A more important factor in Washington thinking is probably economic. Given India’s huge size - its population has just passed the one billion mark - and its vast middle class of 350 million people, it is a market that America’s capitalists cannot afford to ignore. That there are also 350 million people living below the poverty level is not Washington’s concern. Delhi’s rulers do not care for them, so why should anyone else?
All this raises the question of what Pakistan and the Kashmiris should do. The answer is apparent from events around the world. No aggressor has ever voluntarily vacated any land or territory occupied by force.
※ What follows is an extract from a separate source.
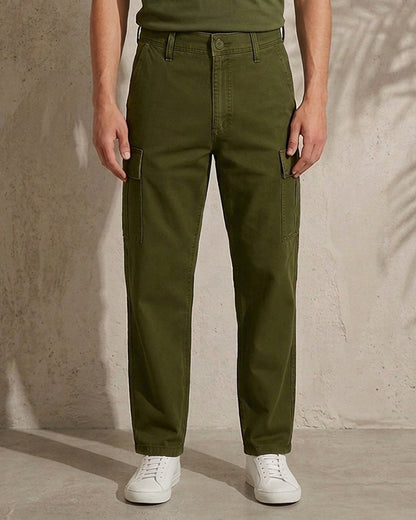 Guss Branded Men's Wide Leg Cargo Green Color CFP-37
South Lebanon, Afghanistan and Chechenya offer the most striking recent examples. Aggressors have to be resisted and driven out. If the Pakistan army cannot take on the Indian army directly, then there has to be a change of strategy. There is no point in pouring billions of dollars into a policy that fails in the very act which it is meant to prevent.
India will be driven out of Kashmir when the price of its occupation is escalated to a point beyond that it can afford to pay. The Kashmiris’ successes in Kargil inspired an upsurge in the mujahideen’s operations in other parts of India. Pakistan’s weakness must not prevent the Kashmiris from continuing - and, if possible, broadening and intensifying their current, ten-year uprising against Indian rule. This is a duty the Kashmiris must fulfil; they will get nowhere simply by telling the world that the honour of their sisters and daughters is being violated.